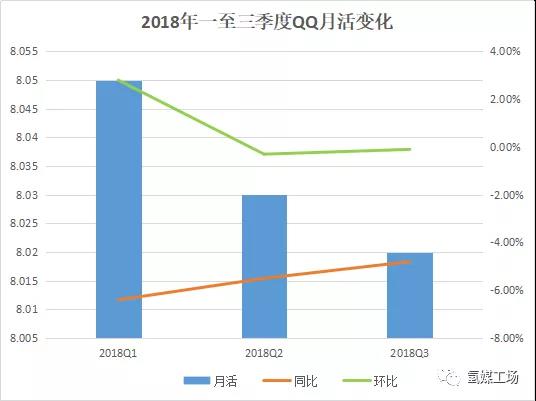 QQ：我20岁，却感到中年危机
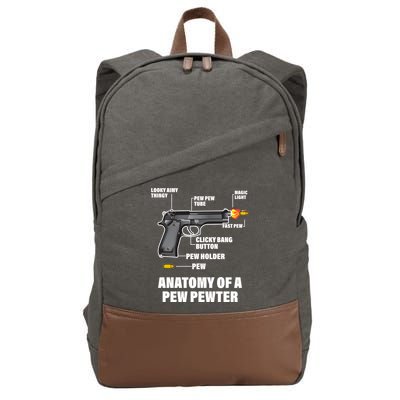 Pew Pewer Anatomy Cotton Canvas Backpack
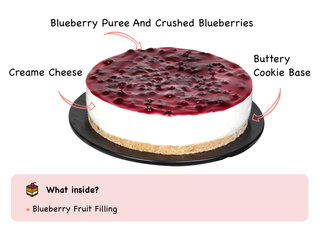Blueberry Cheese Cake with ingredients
--
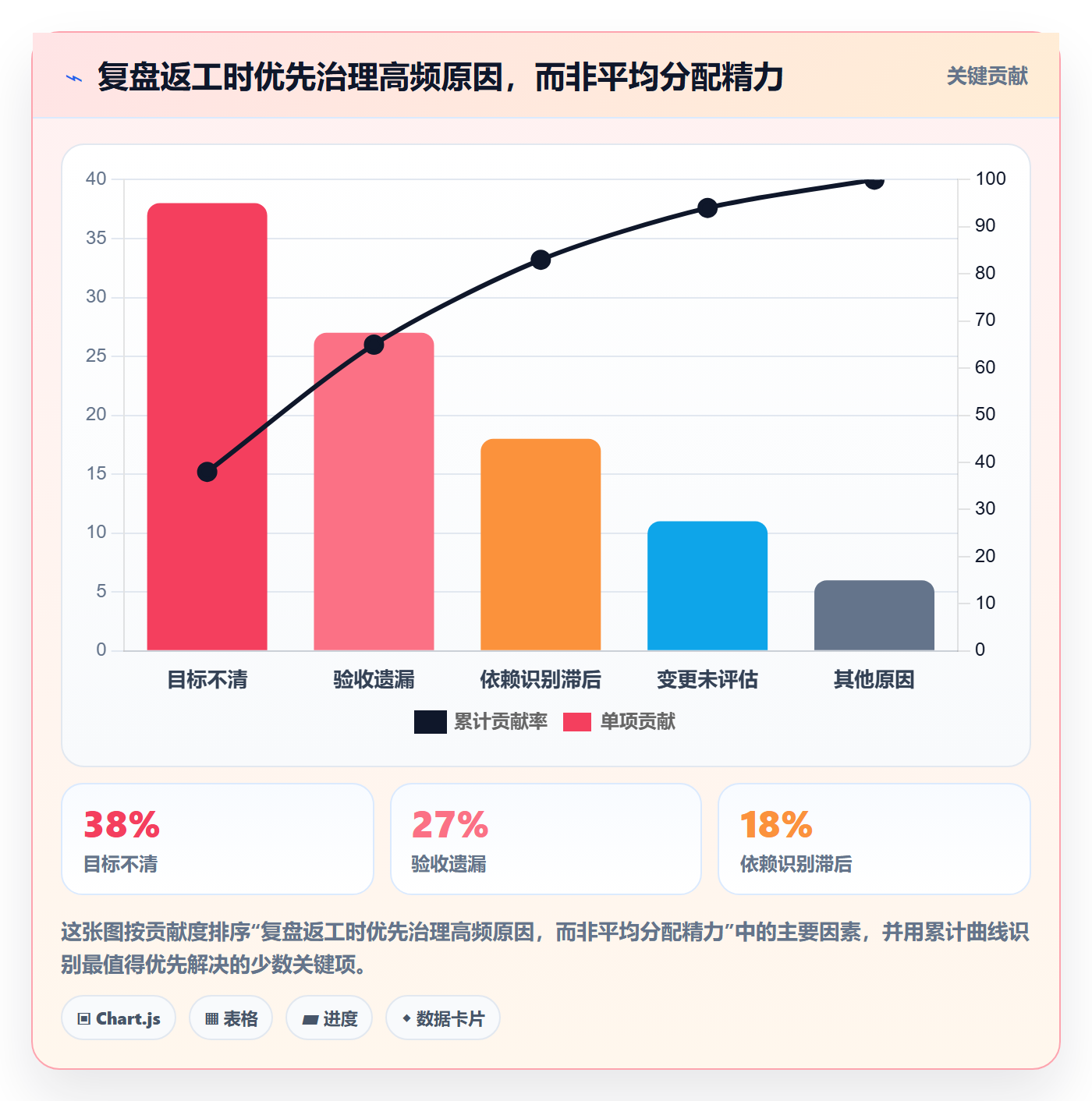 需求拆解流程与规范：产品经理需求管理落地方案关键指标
* * *
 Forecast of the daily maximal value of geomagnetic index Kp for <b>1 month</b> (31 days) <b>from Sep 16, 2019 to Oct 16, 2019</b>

Exercise description
Would you please reproduce the entries above, starting at the line with "QQ：我20岁，却感到中年危机" and stopping after the line with "Blueberry Cheese Cake with ingredients"? Omit any pictures.

Output below
 QQ：我20岁，却感到中年危机
 Pew Pewer Anatomy Cotton Canvas Backpack
Blueberry Cheese Cake with ingredients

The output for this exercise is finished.